When the US parent of Avery Dennison took over the worldwide business of German private company Jackstadt, local management discovered the two companies had competing offerings in almost all sectors of the labels market.
“In terms of pressure sensitive substrates for primary labels, the two companies were of very similar size in Australasia,” Crawford said.
Both Jac and Avery Dennison had full scale production facilities in Australia and these were among the first things to be rationalised.
The former Avery plant in Elizabeth, in Adelaide’s northern suburbs, is now concentrating on hot melt rubber adhesive based products and the former Jac plant at Tottenham in Melbourne’s western suburbs concentrates on acrylic emulsion substrates.
“By volume, production was about 55 per cent hot melt and 45 per cent acrylic emulsion.

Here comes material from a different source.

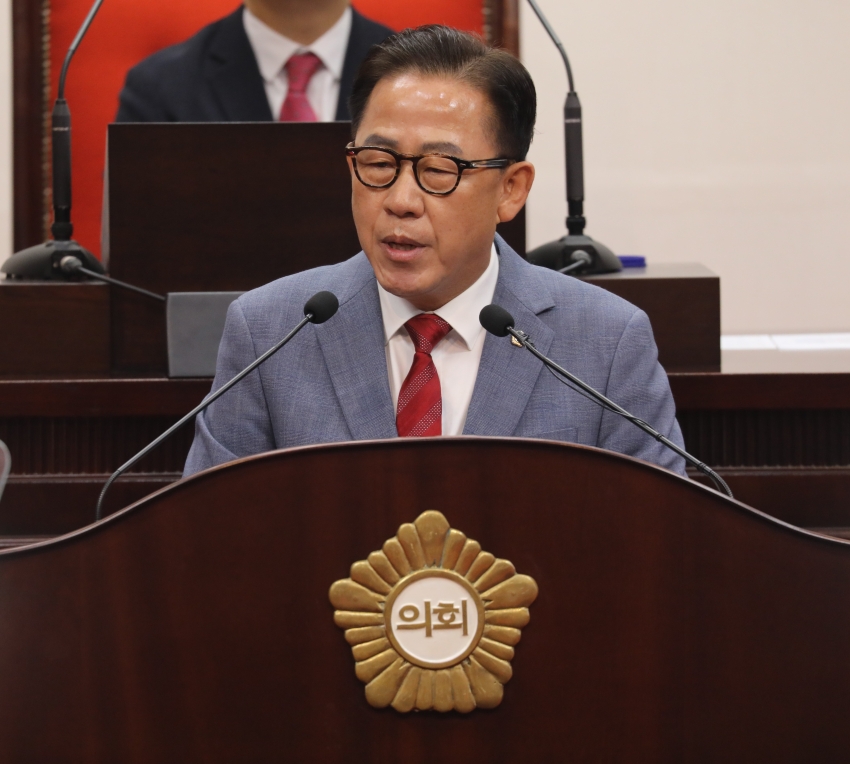 제311회 달서구의회 임시회 제1차 본회의_5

The rationalisation of the product line from 1200 down to 200 appeared more radical than it really was.
“Where we found ourselves with two directly competing products, we eliminated the one which was less successful, thus allowing the market to decide which one we kept.
The company had also eliminated hundreds of niche products, in order to concentrate on the 200 core substrates and offer a better service on those products.
“In effect, however, the other 800 products are still available through our mix-and-match service where we will provide any combination of face stock, adhesive and liner that a label printer requires.
“So in effect, not only can those other 800-odd products still be produced to order, a much larger number of products can be made in theory, if there is a demand for them,” Crawford said.
The company had made several million dollars worth of investment in its plants in the past two years, the single biggest item being a new coating head at the Melbourne plant.
Crawford said another innovation had been the introduction of its Exact system which allowed customers order the exact width they required to within 1mm and elimiate on wastage.